Kinderartsen vragen betere omkadering

15 tot 20% van de in een ziekenhuis opgenomen kinderen kampt met belangrijke emotionele of psychologische problemen. Daarom is de uitbouw en financiering van psychopedagogische teams met kinderpsychologen, orthopedagogen en een liasion kinderpsychiater binnen de afdelingen kindergeneeskunde geen overbodige luxe. Een front van verenigingen voor kinderartsen ijvert daarvoor. Een bericht in het medische vakblad de Specialisten.
In de overkoepelende Belgische Academie voor kindergeneeskunde onder leiding van dokter Philippe Alliet zetelen alle pediatrieverenigingen. Er bestaan heel wat heikele punten, zo blijkt uit de gesprekken die ‘de Specialisten’ had met vertegenwoordigers van de Vlaamse Vereniging voor kindergeneeskunde (VVK), de Groupement Belge des Pédiatres de Langue Française (GBPF), de Belgische Vereniging voor Kindergeneeskunde (BVK), de Belgische beroepsvereniging van kinderartsen en de diensthoofden pediatrie van de universitaire ziekenhuizen.

Al die verenigingen zijn het over een aantal belangrijke punten eens. Zo is er consensus dat een betere psychologische omkadering absoluut noodzakelijk is. ziekenhuispediaters worden steeds vaker geconfronteerd met psychologische en emotionele problemen - automutulatie, existentiële vragen, ouders gescheiden enz. Academie-voorzitter Alliet in de Specialisten: “Omdat de ouders een organische pathologie willen uitsluiten, komen de kinderen vaak eerst op pediatrie terecht. Vroegtijdige detectie en een adequate behandeling of een deskundige doorverwijzing is essentieel. We bepleiten daarom een tweesporenbeleid met aandacht voor de somatische maar ook voor de psychologische component. Het kind erkennen in zijn totaliteit verhoogt de therapietrouw.” Ook een beter gefinancierde spelbegeleiding –nochtans al in de wet voorzien sinds de jaren 1990- is noodzakelijk.

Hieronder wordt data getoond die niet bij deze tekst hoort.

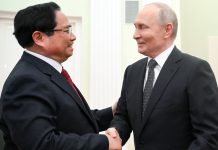 Tổng thống Putin: Dự án điện hạt nhân là biểu tượng mới của tình hữu nghị Việt – Nga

Ook om te voorkomen dat kinderen van minder gegoede ouders uit de boot vallen, dringt een totaalaanpak zich op. “De problemen op de afdelingen kinder- en jeugdgeneeskunde en op de poliklinieken van de ziekenhuizen zijn veel complexer dan in de ambulante praktijk,” aldus dokter Alliet. “Dat vergt een aparte aanpak maar tevens een speciale opleiding en competentie voor de paramedici -niet enkel verpleegkundigen ook diëtisten, logopedisten enz.” Door de pediatrische zorgprogramma’s globaal te financieren kunnen ze voorzieningen aanbieden aan alle patiënten.

Op pediatrie zouden er tot een vijfde meer verpleegkundigen nodig zijn, berekenden de kinderartsen in de Specialisten. “Zo wordt er op neonatologie (N*) geen rekening gehouden met moeders die prenataal naar de MIC-diensten (Maternale intensive care) worden doorverwezen. De meeste van die pre- en dysmaturen gaan postnataal terug naar de N*-diensten. Dat is goed voor 15 à 20% van de ligdagen. Voor de berekening en financiering van de verpleegkundige omkadering van een N* wordt er enkel rekening gehouden me de kinderen die geboren zijn in het ziekenhuis zelf.

Philippe Alliet: “Sowieso is de verpleegkundige omkadering niet schitterend want de manier van registreren houdt enkel rekening met zorg aan volwassenen. Bij het prikken van een infuus of het uitvoeren van een bloedname vergt een tweejarig kind niet enkel een verpleegkundige voor de zorg maar ook een personeelslid om het in bedwang te houden. Dat is niet voorzien.”